Tikvah
beards

February 1, 2008

Why Beards?

What the Jewish penchant for facial hair means.

By Rabbi Meir Soloveichik

Because of a beard, a papacy was lost. That is the story of Johannes Bessarion, a 15th-century cardinal and convert from Greek Orthodoxy who strove to reunite Eastern and Western Christianity. Extraordinarily influential among the Catholic hierarchy, Bessarion was widely thought to be a likely successor to Pope Nicholas V. But at the conclave following Nicholas’s death, a serious personal flaw was pointed out: retaining an Eastern Orthodox custom shunned by Rome, Bessarion still sported a full beard. As the historian Mark Zucker tells it:

Not only did this result in Bessarion’s loss of the pontifical throne, but his beard was later to cause him even greater humiliation and suffering. For a slight breach of etiquette during an embassy to Louis XI in 1471, the French king pulled him by the beard, an insult so serious and so upsetting that it is said to have brought about his death, from shame and grief, a year later.

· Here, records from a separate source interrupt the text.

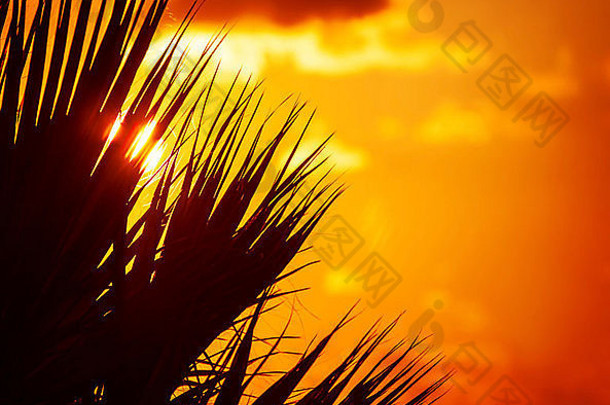 美丽的橙色日落背景上的棕榈树叶剪影，抽象的花边，热带自然，异国情调的岛屿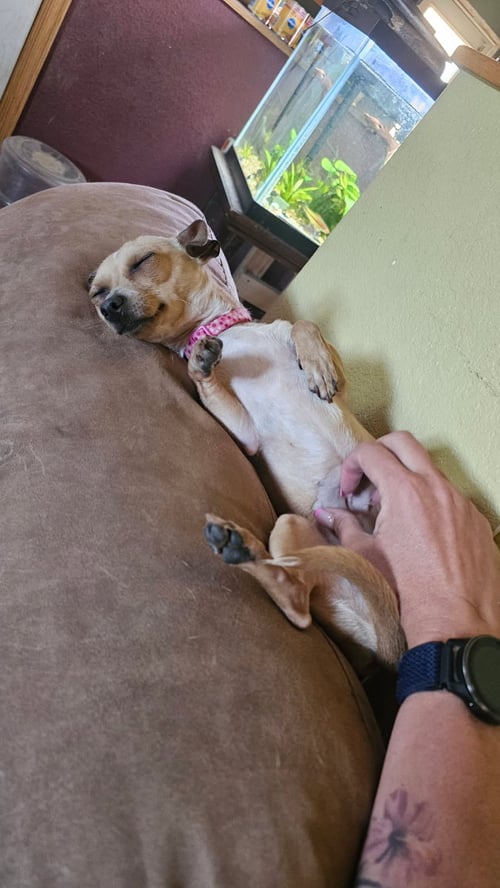CRICKET - Chihuahua available for adoption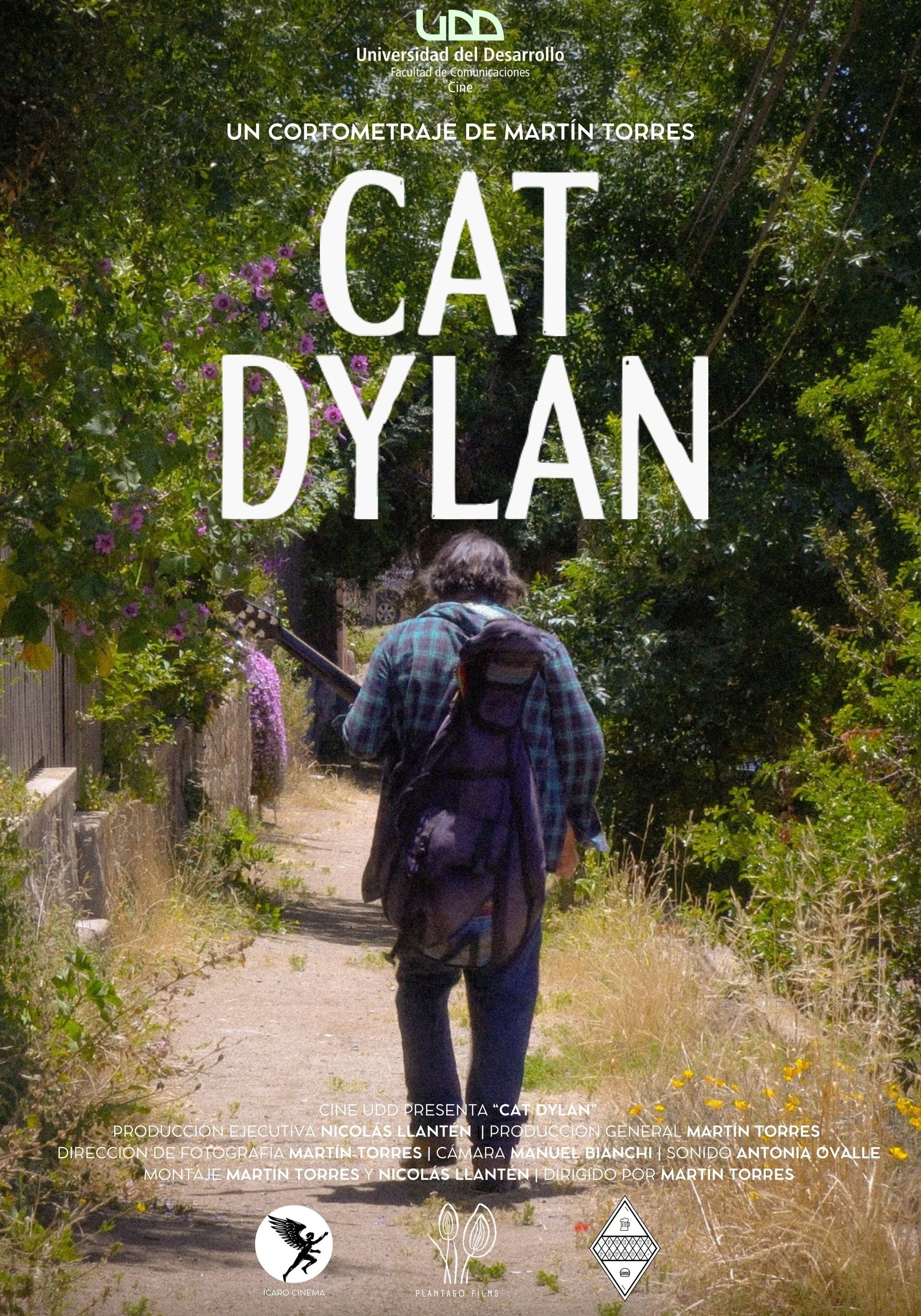 Poster de Cat Dylan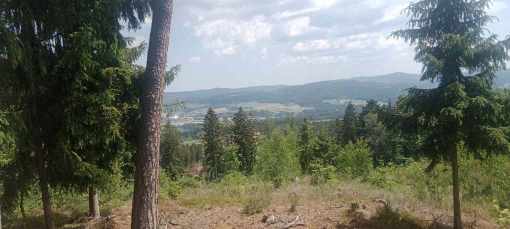 Ausblick nach Freistadt 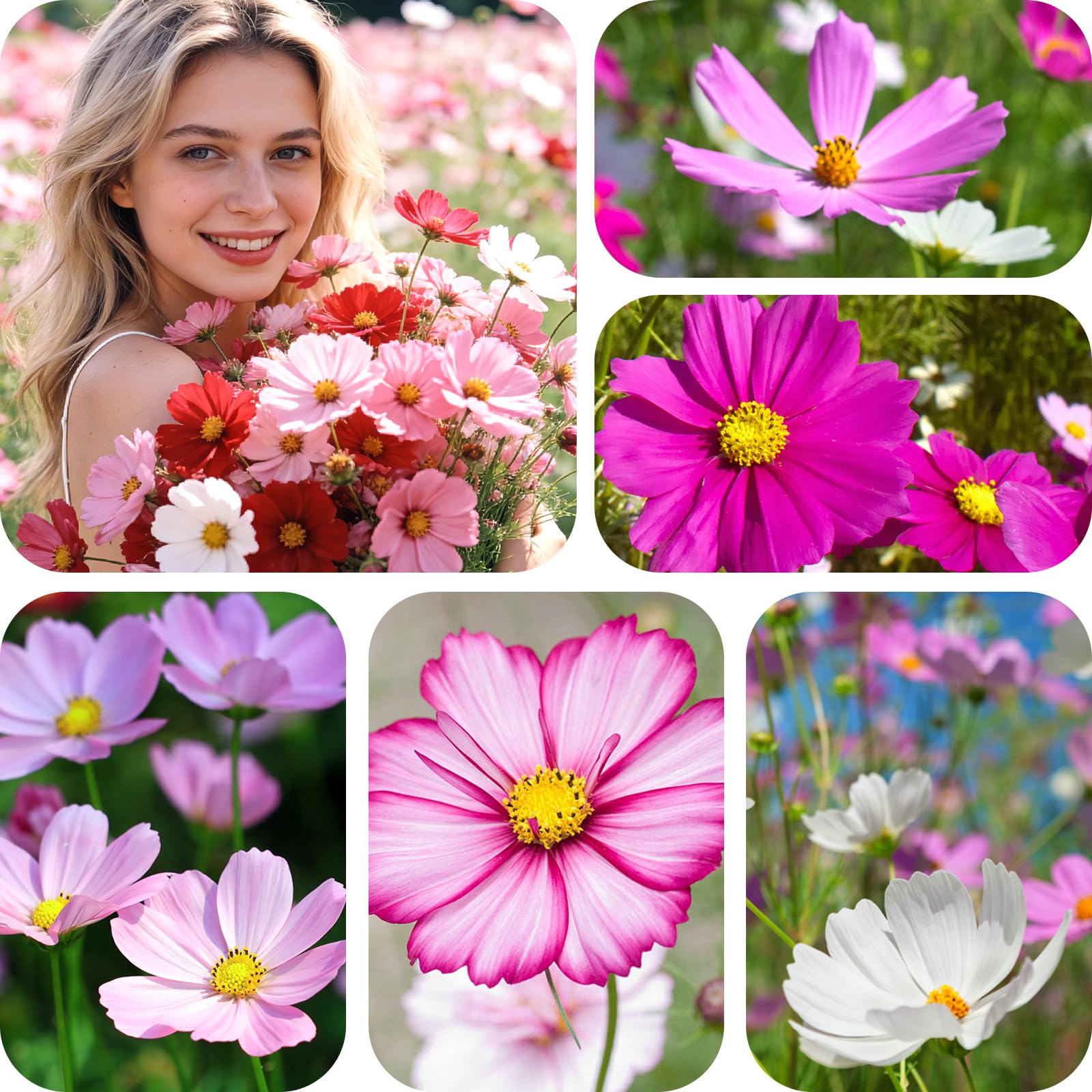 Fruivity Cosmos Seeds being planted in garden soil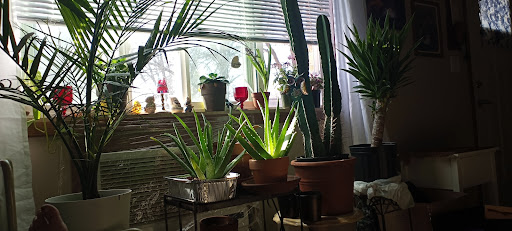 Walmart Garden Center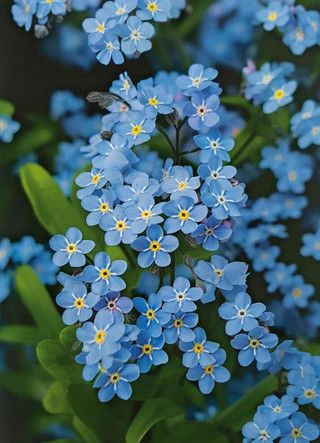 Photo of blue forget-me-not flowers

To anyone familiar with talmudic tales, Bessarion’s story cannot help bringing to mind another, much earlier episode of contested religious leadership. It seems the sage Rabban Gamliel, the nasi or religious head of post-Temple Jewry, was temporarily relieved of his position on account of what his colleagues considered a heavy-handed exercise of authority. The rabbis’ ultimate choice of a successor was Elazar ben Azaryah, a brilliant scion of prestigious lineage. But Elazar, too, had a flaw, though the opposite of Bessarion’s: being only eighteen years old, he did not yet have the full growth of facial hair expected of a Jewish religious leader. Fortunately, according to the Talmud, a miracle was wrought overnight, and Elazar awoke to find himself the owner of a long white beard. The story concludes that he was wont to say of himself: “Behold, I am akin to a man of seventy years.”